The bill has been described by critics as a “clean-up bill” written to include several anti-abortion measures that did not pass last year and as an “omnibus anti-choice bill” that would crack down on legal abortions in the state. The bill, which is sponsored by state Rep. Rachel Burgin, R-Riverview, would make it difficult for providers to perform the legal service.
Provisions in the bill placing onerous restrictions on abortion providers have been denounced by groups such as Planned Parenthood, which claims that the bill would make it nearly impossible for the chain of women’s health clinics to open any new clinics in the state.

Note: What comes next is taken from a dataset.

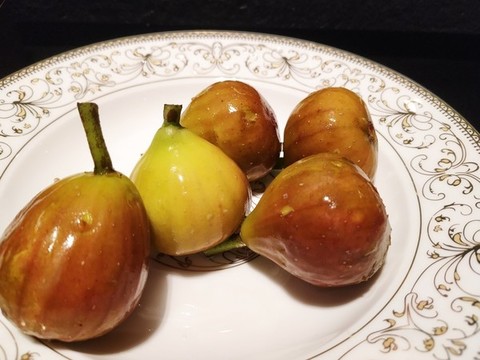 新鮮無(wú)花果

Women’s health advocates have criticized the bill for its failure to include protections for the mental and physical health of women who are pregnant – as of last week, the bill also includes a provision that would outlaw abortions after 20 weeks.
The measure is similar to a handful of bills seen last year in legislatures across the country. These so-called “fetal pain” bills have been found to be “neither scientifically nor constitutionally sound” by researchers and operate under the premise that a fetus can feel pain as early as 20 weeks, outlawing abortions once a fetus is presumed to feel pain. Current law protects a woman’s right to have an abortion up to at least 22-24 weeks and the most recent study on this issue, published in Current Biology, found that a fetus does not feel pain until 35 to 37 weeks of gestation.
The Senate version of this bill, which does not include “fetal pain” language, passed through its first committee stop last week, and could be taken up on the Senate floor at any point before the end of session in two weeks.